• [Exercise goal]: Your task is to repeat exactly the lines below between the line holding "Image of Wee" and the line holding "FUNKY GIRL Purple", inclusive, and only those.

• [Available data]:
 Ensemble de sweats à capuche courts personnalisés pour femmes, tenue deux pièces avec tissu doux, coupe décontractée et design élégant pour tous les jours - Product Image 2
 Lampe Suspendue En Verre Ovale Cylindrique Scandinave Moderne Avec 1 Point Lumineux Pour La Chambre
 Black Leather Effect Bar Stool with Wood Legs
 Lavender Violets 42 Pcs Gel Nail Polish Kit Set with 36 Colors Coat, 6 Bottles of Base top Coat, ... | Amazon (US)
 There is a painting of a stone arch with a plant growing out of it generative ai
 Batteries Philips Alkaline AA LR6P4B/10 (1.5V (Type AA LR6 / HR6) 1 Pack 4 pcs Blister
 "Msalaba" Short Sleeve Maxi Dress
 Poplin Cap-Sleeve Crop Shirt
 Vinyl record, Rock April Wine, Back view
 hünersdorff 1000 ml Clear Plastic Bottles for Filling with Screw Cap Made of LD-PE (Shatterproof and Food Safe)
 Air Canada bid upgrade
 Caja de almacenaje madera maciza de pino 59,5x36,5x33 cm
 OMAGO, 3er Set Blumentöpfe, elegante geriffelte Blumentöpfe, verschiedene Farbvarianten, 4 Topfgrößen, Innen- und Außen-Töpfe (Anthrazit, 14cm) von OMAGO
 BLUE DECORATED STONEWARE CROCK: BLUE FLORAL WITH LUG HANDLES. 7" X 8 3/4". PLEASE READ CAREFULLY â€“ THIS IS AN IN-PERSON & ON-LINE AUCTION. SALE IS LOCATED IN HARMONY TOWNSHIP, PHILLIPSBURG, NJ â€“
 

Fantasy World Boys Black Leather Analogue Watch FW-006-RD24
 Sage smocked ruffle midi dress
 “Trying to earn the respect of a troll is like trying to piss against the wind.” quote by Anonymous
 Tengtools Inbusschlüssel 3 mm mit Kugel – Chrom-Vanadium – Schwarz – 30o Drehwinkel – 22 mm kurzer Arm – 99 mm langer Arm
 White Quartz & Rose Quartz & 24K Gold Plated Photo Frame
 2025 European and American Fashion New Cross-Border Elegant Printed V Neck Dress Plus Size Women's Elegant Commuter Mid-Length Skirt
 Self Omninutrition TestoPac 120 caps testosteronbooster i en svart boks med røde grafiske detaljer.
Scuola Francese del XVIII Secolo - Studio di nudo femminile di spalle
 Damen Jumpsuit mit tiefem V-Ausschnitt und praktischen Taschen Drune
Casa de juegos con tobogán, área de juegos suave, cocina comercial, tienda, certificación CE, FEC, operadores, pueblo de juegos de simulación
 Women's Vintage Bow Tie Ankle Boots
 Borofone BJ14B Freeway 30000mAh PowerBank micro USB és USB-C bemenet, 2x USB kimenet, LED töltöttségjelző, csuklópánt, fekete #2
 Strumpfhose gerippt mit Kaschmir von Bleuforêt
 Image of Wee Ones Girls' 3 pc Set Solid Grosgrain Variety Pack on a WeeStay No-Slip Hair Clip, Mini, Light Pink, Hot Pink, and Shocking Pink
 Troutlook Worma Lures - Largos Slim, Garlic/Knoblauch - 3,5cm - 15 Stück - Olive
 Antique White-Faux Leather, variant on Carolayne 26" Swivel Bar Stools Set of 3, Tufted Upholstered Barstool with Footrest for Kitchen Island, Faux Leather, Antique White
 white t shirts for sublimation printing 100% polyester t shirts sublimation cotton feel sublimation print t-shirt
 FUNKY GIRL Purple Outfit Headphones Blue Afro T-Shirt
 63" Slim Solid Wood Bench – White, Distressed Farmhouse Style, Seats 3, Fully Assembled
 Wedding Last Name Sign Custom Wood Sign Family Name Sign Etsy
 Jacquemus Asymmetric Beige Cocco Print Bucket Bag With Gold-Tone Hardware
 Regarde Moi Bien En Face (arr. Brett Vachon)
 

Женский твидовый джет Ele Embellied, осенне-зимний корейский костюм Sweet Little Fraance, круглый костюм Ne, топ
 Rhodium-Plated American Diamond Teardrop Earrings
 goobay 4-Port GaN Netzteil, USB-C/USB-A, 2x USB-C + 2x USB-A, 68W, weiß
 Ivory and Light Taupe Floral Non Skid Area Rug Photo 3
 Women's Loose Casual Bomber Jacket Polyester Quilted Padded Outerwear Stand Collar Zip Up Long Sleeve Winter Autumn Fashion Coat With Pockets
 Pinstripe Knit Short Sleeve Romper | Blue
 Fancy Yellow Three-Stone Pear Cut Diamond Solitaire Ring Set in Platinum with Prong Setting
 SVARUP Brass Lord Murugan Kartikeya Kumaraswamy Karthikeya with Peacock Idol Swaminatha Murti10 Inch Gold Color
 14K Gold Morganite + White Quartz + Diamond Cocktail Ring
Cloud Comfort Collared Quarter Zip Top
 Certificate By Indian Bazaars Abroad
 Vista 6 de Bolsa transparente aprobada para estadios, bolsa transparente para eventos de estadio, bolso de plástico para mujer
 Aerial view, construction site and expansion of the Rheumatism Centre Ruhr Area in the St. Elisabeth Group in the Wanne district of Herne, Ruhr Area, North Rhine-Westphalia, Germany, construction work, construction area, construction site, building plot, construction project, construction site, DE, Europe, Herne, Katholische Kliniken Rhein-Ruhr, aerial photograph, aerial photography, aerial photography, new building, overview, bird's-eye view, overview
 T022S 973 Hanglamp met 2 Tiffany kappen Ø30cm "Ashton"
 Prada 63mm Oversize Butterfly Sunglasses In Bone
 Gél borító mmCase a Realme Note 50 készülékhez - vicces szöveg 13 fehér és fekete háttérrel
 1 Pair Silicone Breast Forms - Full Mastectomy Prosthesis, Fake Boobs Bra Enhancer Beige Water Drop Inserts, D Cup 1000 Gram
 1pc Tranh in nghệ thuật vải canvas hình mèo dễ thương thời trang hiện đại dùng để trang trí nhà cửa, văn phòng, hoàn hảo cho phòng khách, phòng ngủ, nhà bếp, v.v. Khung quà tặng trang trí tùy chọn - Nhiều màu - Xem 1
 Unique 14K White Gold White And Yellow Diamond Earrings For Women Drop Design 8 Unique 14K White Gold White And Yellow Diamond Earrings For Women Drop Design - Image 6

• [Written solution]:
 Image of Wee Ones Girls' 3 pc Set Solid Grosgrain Variety Pack on a WeeStay No-Slip Hair Clip, Mini, Light Pink, Hot Pink, and Shocking Pink
 Troutlook Worma Lures - Largos Slim, Garlic/Knoblauch - 3,5cm - 15 Stück - Olive
 Antique White-Faux Leather, variant on Carolayne 26" Swivel Bar Stools Set of 3, Tufted Upholstered Barstool with Footrest for Kitchen Island, Faux Leather, Antique White
 white t shirts for sublimation printing 100% polyester t shirts sublimation cotton feel sublimation print t-shirt
 FUNKY GIRL Purple Outfit Headphones Blue Afro T-Shirt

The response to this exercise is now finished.